[Date Prev][Date Next][Thread Prev][Thread Next][Date Index][Thread Index]
Re: [PATCH/RFC 0/1] Vhost User Cross Cable: Intro
From: |
Marc-André Lureau |
Subject: |
Re: [PATCH/RFC 0/1] Vhost User Cross Cable: Intro |
Date: |
Fri, 10 Jan 2020 14:27:29 +0400 |
Hi
On Wed, Jan 8, 2020 at 5:57 AM V. <address@hidden> wrote:
>
> Hi List,
>
> For my VM setup I tend to use a lot of VM to VM single network links to do
> routing, switching and bridging in VM's instead of the host.
> Also stemming from a silly fetish to sometimes use some OpenBSD VMs as
> firewall, but that is besides the point here.
> I am using the standard, tested and true method of using a whole bunch of
> bridges, having 2 vhost taps each.
> This works and it's fast, but it is a nightmare to manage with all the
> interfaces on the host.
>
> So, I looked a bit into how I can improve this, basically coming down to "How
> to connect 2 VM's together in a really fast and easy way".
> This however, is not as straightforward as I thought, without going the whole
> route of OVS/Snabb/any other big feature bloated
> software switch.
> Cause really, all I want is to connect 2 VM's in a fast and easy way.

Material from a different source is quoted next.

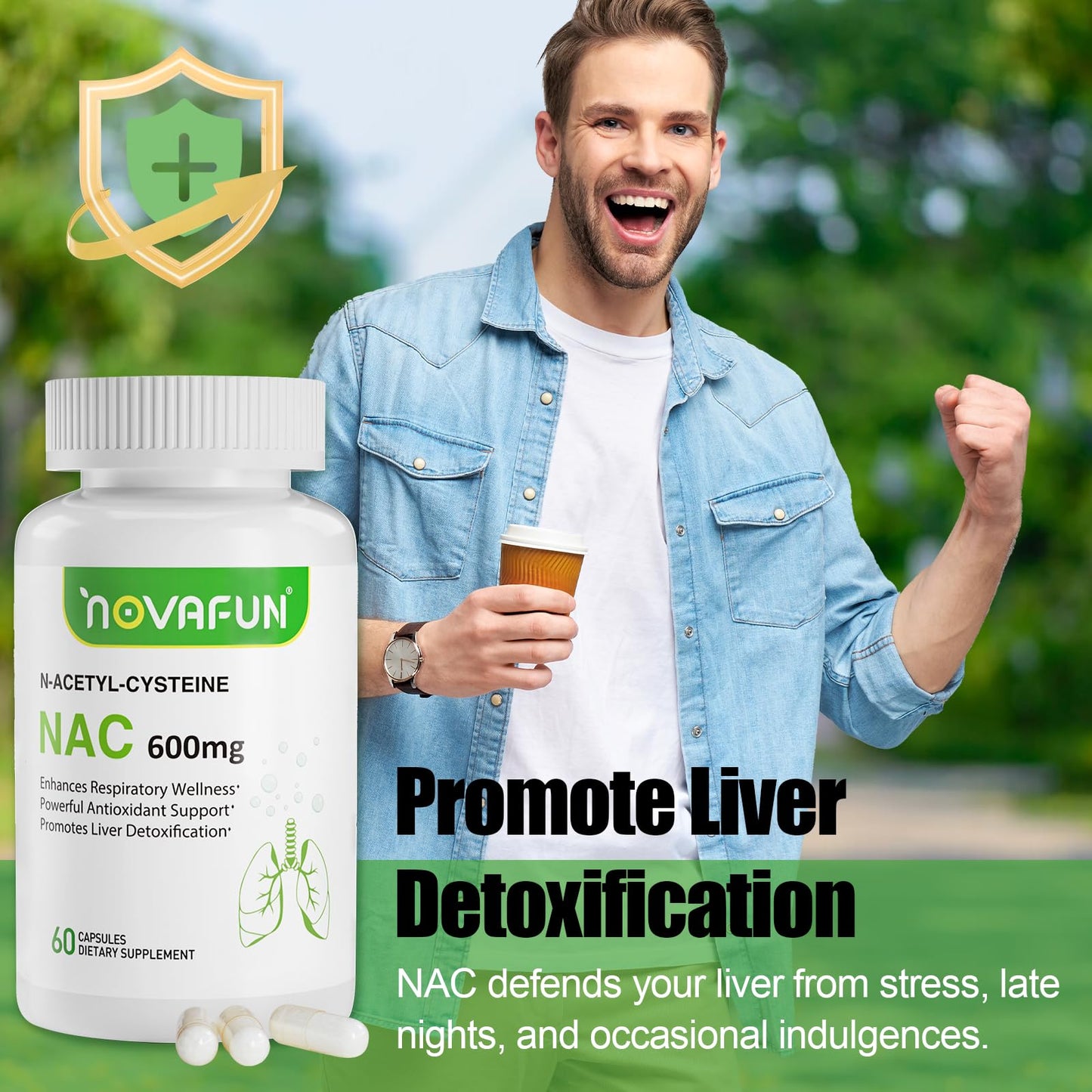 Novafun NAC 600mg Capsules – Lung Health & Liver Detox (60 Count)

> Shouldn't be that hard right?
>
> Anyways, I end up finding tests/vhost-user-bridge.c, which is very nicely
> doing half of what I wanted.
> After some doubling of the vhosts and eliminating udp, I came up with a Vhost
> User Cross Cable. (patch in next post).
> It just opens 2 vhost sockets instead of 1 and does the forwarding between
> them.
> A terrible hack and slash of vhost-user-bridge.c, probably now with bugs
> causing the dead of many puppies and the end of humanity,
> but it works!
>
> However... I now am left with some questions, which I hope some of you can
> answer.
>
> 1.
> I looked, googled, read and tried things, but it is likely that I am an
> complete and utter moron and my google-fu has just been awful...
> Very likely... But is there really no other way then I have found to just
> link up 2 QEMU's in a fast non-bridge way? (No, not sockets.)
> Not that OVS and the likes are not fine software, but do we really need the
> whole DPDK to do this?
By "not sockets", you mean the data path should use shared memory?
Then, I don't think there are other way.
>
> 2.
> In the unlikely chance that I'm not an idiot, then I guess now we have a nice
> simple cross cable.
> However, I am still a complete vhost/virtio idiot who has no clue how it
> works and just randomly brute-forced code into submission.
> Maybe not entirely true, but I would still appreciate it very much if someone
> with more knowledge into vhost to have a quick look at
> how things are done in cc.
>
> Specifically this monstrosity in TX (speed_killer is a 1MB buffer and kills
> any speed):
> ret = iov_from_buf(sg, num, 0, speed_killer,
> iov_to_buf(out_sg, out_num, 0, speed_killer,
> MIN(iov_size(out_sg, out_num), sizeof
> speed_killer)
> )
> );
>
> vs. the commented:
> //ret = iov_copy(sg, num, out_sg, out_num, 0,
> // MIN(iov_size(sg, num), iov_size(out_sg, out_num)));
>
> The first is obviously a quick fix to get things working, however, in my
> meager understanding, should the 2nd one not work?
> Maybe I'm messing up my vectors here, or I am messing up my understanding of
> iov_copy, but shouldn't the 2nd form be the way to zero
> copy?
As you noted, the data must be copied from source to dest memory.
iov_copy() doesn't actually do that, I don't think we have a iov
function for that.
>
> 3.
> Now if Cross Cable is actually a new and (after a code-rewrite of 10) a
> viable way to connect 2 QEMU's together, could I actually
> suggest a better way?
> I am thinking of a '-netdev vhost-user-slave' option to connect (as client or
> server) to a master QEMU running '-netdev vhost-user'.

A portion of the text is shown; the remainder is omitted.